Stored data entries:
____
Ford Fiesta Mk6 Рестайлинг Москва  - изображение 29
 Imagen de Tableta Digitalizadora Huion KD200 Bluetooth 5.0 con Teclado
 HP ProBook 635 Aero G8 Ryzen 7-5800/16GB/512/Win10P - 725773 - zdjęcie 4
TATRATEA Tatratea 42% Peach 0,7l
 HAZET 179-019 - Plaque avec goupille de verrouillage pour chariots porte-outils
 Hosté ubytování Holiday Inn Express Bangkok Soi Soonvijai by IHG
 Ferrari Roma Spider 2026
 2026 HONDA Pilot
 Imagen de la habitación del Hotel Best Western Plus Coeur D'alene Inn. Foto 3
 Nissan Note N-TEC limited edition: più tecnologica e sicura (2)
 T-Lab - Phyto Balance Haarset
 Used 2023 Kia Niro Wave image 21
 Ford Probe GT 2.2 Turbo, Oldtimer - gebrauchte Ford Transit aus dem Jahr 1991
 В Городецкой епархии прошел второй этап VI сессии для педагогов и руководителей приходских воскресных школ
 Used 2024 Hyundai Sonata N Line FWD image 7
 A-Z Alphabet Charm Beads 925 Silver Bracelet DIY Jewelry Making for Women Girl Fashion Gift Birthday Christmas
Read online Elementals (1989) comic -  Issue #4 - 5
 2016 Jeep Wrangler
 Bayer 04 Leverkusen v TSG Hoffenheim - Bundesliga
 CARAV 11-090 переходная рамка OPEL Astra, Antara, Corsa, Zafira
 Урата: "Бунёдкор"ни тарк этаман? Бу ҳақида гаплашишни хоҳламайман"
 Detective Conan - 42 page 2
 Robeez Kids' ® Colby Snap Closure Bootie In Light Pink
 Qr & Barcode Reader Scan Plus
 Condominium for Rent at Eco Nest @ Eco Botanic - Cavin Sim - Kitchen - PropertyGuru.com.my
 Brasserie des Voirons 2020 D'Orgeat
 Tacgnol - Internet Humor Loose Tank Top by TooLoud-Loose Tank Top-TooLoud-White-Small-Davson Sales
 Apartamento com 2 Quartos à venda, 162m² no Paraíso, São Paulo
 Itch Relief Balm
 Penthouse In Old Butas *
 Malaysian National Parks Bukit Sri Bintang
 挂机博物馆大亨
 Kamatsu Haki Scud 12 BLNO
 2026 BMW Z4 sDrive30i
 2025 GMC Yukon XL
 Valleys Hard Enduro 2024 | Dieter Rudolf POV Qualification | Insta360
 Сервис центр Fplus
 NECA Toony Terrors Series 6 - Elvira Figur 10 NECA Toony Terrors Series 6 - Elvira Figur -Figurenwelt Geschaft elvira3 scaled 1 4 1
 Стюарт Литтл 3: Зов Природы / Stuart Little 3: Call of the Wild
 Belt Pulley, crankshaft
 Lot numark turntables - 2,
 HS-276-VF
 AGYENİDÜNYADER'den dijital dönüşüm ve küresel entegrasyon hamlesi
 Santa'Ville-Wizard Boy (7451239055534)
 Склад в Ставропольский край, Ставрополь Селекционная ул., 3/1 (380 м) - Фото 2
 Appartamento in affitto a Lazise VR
____
WORK INSTRUCTIONS: Your answer should be only the number of lines in the records that hold the word "Imagen".

TASK SOLUTION: 2